Personal information
- Full name: Percy Edward Crutchley
- Born: 24 July 1855 Parsonstown, King's County, Ireland
- Died: 16 October 1940 (aged 85) Sunninghill, Berkshire, England
- Batting: Right-handed
- Bowling: Right-arm slow round-arm
- Relations: Victor Crutchley (son) Gerry Crutchley (nephew)

Career statistics
| Competition | First-class |
| Matches | 3 |
| Runs scored | 128 |
| Batting average | 32.00 |
| 100s/50s | 0/1 |
| Top score | 84 |
| Balls bowled | 96 |
| Wickets | 2 |
| Bowling average | 34.00 |
| 5 wickets in innings | 0 |
| 10 wickets in match | 0 |
| Best bowling | 2/68 |
| Catches/stumpings | 0/– |
- Source: Cricinfo, 8 May 2018

= Percy Crutchley =

English cricketer

Percy Edward Crutchley (24 July 1855 – 16 October 1940) was an English amateur cricketer.

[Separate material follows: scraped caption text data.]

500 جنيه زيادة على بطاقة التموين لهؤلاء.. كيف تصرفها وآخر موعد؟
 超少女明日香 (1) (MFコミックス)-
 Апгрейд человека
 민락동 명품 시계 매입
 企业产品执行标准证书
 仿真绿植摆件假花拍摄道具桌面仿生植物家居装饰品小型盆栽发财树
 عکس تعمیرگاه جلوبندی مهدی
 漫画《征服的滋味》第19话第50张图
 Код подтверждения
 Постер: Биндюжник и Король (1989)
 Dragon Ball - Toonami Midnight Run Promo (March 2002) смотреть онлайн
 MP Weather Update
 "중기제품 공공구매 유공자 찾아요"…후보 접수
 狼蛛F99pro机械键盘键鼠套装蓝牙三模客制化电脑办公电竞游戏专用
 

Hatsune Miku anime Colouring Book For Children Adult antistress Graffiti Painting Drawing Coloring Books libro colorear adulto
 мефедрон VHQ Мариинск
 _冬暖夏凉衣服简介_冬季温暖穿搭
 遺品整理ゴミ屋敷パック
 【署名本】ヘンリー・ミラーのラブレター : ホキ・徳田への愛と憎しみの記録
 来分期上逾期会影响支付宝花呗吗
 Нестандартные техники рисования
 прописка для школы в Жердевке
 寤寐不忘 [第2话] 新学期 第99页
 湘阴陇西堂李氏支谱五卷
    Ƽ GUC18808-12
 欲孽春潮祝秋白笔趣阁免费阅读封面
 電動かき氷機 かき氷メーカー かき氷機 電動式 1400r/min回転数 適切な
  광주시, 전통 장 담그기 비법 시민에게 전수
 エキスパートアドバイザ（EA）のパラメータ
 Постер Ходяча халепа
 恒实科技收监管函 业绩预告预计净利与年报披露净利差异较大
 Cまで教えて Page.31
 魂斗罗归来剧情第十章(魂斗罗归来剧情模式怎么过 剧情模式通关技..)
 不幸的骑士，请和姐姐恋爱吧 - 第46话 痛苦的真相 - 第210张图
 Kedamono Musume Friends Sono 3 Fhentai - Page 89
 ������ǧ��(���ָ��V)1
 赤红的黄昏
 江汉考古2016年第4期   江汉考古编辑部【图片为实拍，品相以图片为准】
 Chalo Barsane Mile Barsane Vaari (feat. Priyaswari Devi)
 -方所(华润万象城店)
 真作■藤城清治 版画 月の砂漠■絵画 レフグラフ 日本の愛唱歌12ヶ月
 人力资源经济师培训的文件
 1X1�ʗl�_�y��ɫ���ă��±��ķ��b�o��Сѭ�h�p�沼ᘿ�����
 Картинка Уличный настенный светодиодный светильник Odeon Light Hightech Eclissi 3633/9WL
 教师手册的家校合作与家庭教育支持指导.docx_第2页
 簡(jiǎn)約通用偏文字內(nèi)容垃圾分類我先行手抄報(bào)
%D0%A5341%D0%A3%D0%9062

Crutchley was the son of General Charles Crutchley. He was educated at Harrow School, where he played cricket in the First XI in 1873 and 1874. He went up to Trinity College, Cambridge, in 1874, but did not play cricket for the university; he did, however, win a blue at real tennis. He played regular club cricket for I Zingari from 1874 to 1883.

He played in three first-class cricket matches, one in each of 1876, 1877 and 1878. The first was for Gentlemen of Marylebone Cricket Club against Kent at the St Lawrence Ground in Canterbury in August 1876. Gentlemen of Marylebone Cricket Club followed on 329 runs behind, but in the second innings Crutchley made 84 and put on 227 for the fifth wicket with W. G. Grace, who made a world record individual score of 344 in 380 minutes.

Crutchley married the Hon. Frederica Louise Fitzroy, daughter of the 3rd Baron Southampton and Maid of Honour to Queen Victoria, on 12 February 1890. Queen Victoria was the godmother of their only child, Victor, born in 1893, who became an admiral in the Royal Navy and was awarded the Victoria Cross.

Crutchley inherited Sunninghill Park, Berkshire, which he owned until he sold it in 1936, after his wife's death in 1932. He was a member of Royal Ascot Cricket Club in Berkshire for 57 years, and served as its president from 1915 to 1924.